3. Wird es 2017 auf Deinen Blog kostenlose Abenteuer geben? Wenn „ja“ für welche Systeme?

Ich denke schon und wenn dann natürlich für Shadowrun. Das erste gab es ja schon in Verbindung mit dem Karneval im April: Überfall auf die Eisdiele

4. Was wünscht Du Dir von Deinen Followern?

Ich bleibe bei der Top-Antwort: Feedback.

Aber ich bin auch froh über jeden wiederkehrenden Leser. Ich kommentiere selber auch eher selten und bin mehr der stille Leser. Von daher kann ich es auch verstehen.

5. Welche drei anderen Blogs verfolgst Du am liebsten?

Wirklich aktiv verfolge ich keinen Blog. Ich hole mir immer einen Überblick im Reader und wenn mich etwas interessiert, dann lese ich auch den entsprechenden Beitrag dazu. Ab und zu am Tag schaue ich dann auch mal bei rsp-blogs.de vorbei um auch von Beiträgen zu erfahren die ich nicht im Reader habe. Wenn ich mein Surfverhalten in Sachen Blogs zusammenfasse, dann würden die folgenden Blogs am meisten von mir aufgerufen:

  1. rsp-blog – Als Anlaufstelle für Beiträge von allen teilnehmenden Blogs und dem angeschlossenen Forum
  2. Greifenklaue/Würfelheld – Beide berichten über ein weites Spektrum an Themen
  3. d6ideas – Beiträge zu vielen verschiedenen Systemen

Bonusfrage: Was würdest Du gerne an Deinem Blog ändern wollen?

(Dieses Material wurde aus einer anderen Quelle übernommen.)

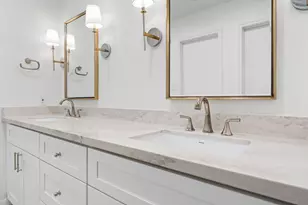 727 Bunker Hill Rd, Houston, TX 77024 - Photo 42
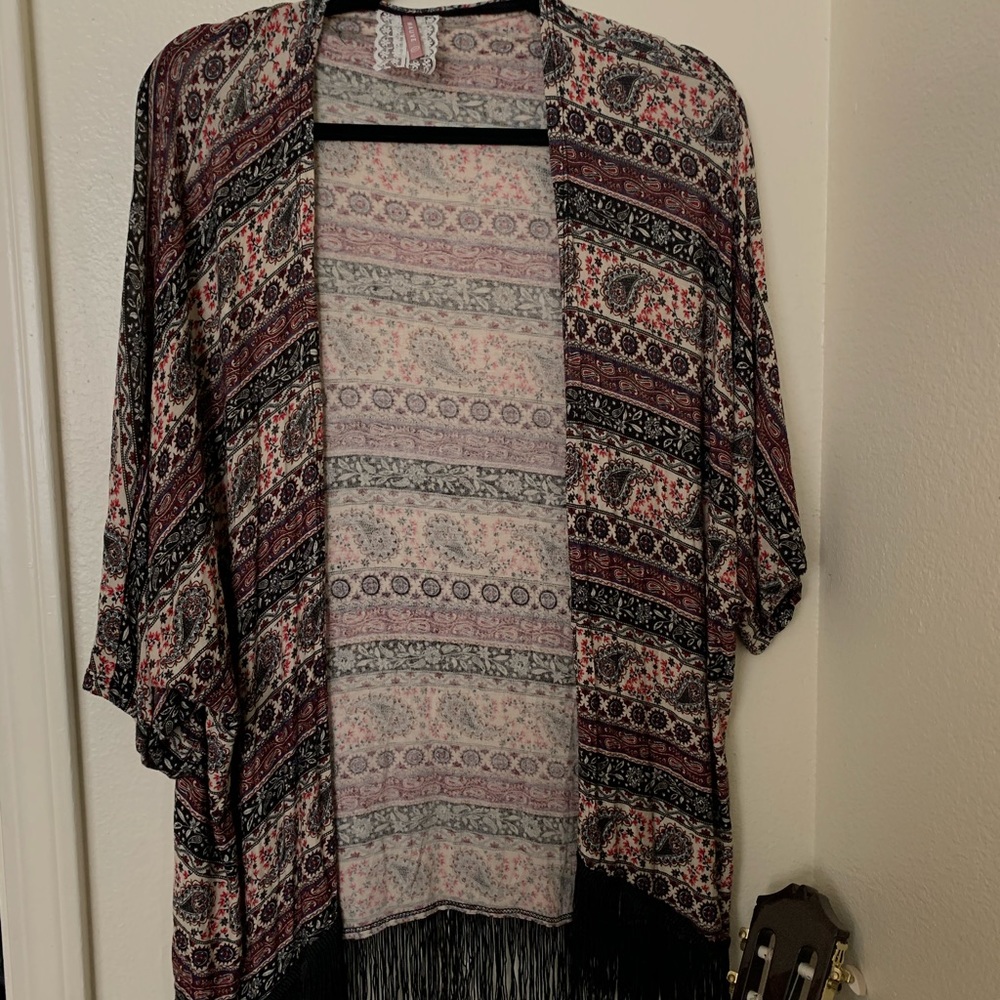 Print kimono with fringe at the bottom 🖤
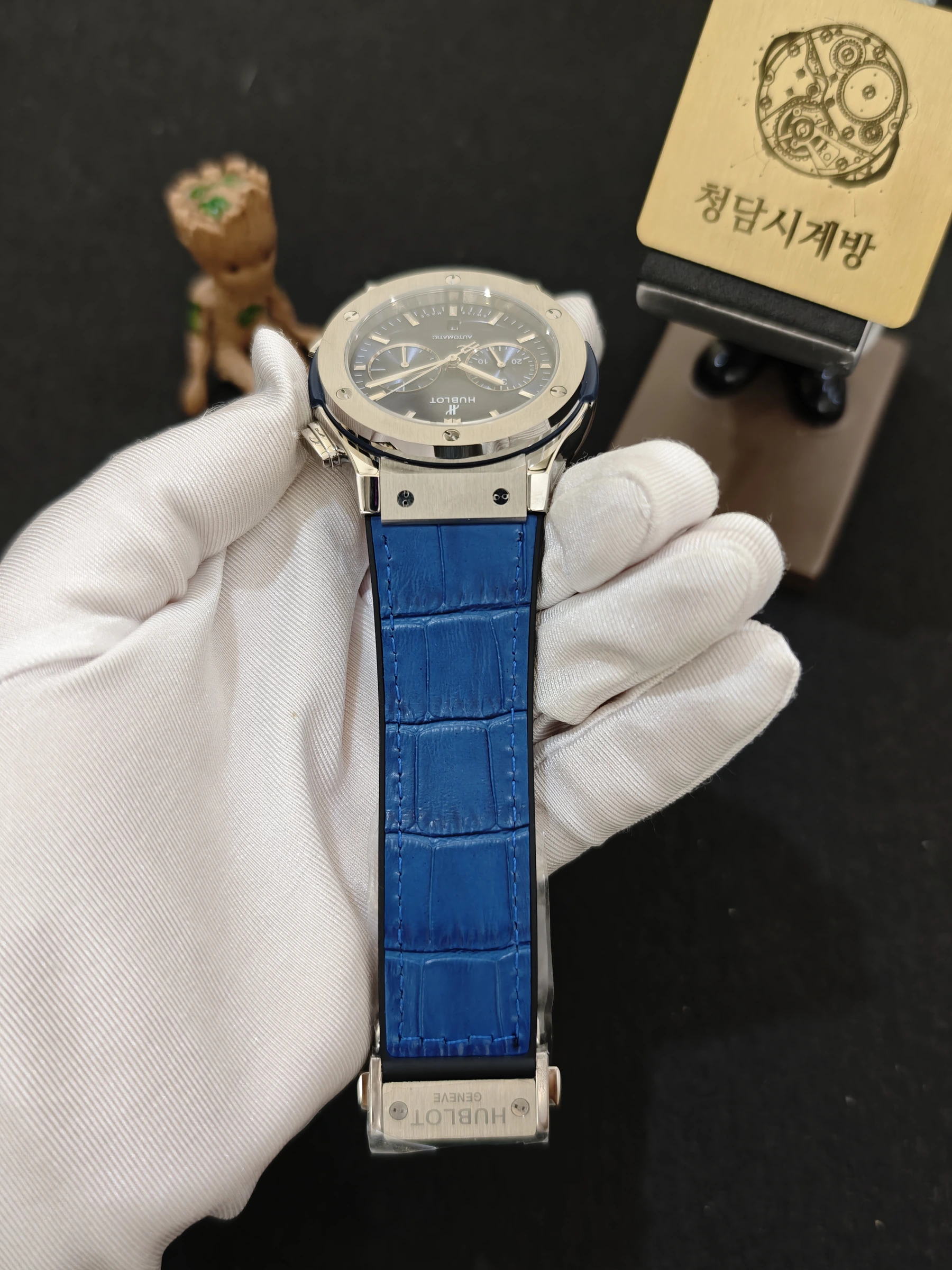 위블로 클래식퓨전 크로노그래프 블루 가죽형 스트랩 안쪽 블랙 상세 이미지 3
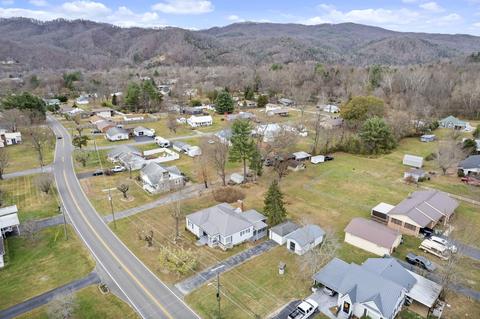 609 Rock Creek Road Erwin Tn 37650, Erwin, TN 37650 photo 23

Vor ein paar Wochen hätte ich noch gesagt werbebefreit, aber das habe ich vor einiger Zeit erledigt. Ansonsten bin ich im Großen und Ganzen zufrieden. Am liebsten würde ich was an den Tools für die Beitragserstellung ändern. Besser Funktionalitäten und vor allem die Möglichkeit vernünftige Tabellen einzufügen. Das was WordPress da im Moment abliefert, finde ich bescheiden. Vielleicht würde ich noch hier und da ein Shadowrun assoziiertes Bild einfügen, aber das kommt darauf an, ob es in das aktuelle Bloglayout passt und sich für mich nicht so darstellt als ob die Seite überladen wirkt.

RPG-Blog-O-Quest #020: Brettspiele

In diesem Monat beehrt uns Spiele im Kopf mit den Fragen zum Blog-O-Quest. Sein Thema betrachtet den schwindenden Unterschied zwischen Rollen- & Brettspiel.

1. Hast Du bereits ein Brettspiel gespielt, dass Dir ein vergleichbares Erlebnis wie ein Rollenspiel vermittelt hat?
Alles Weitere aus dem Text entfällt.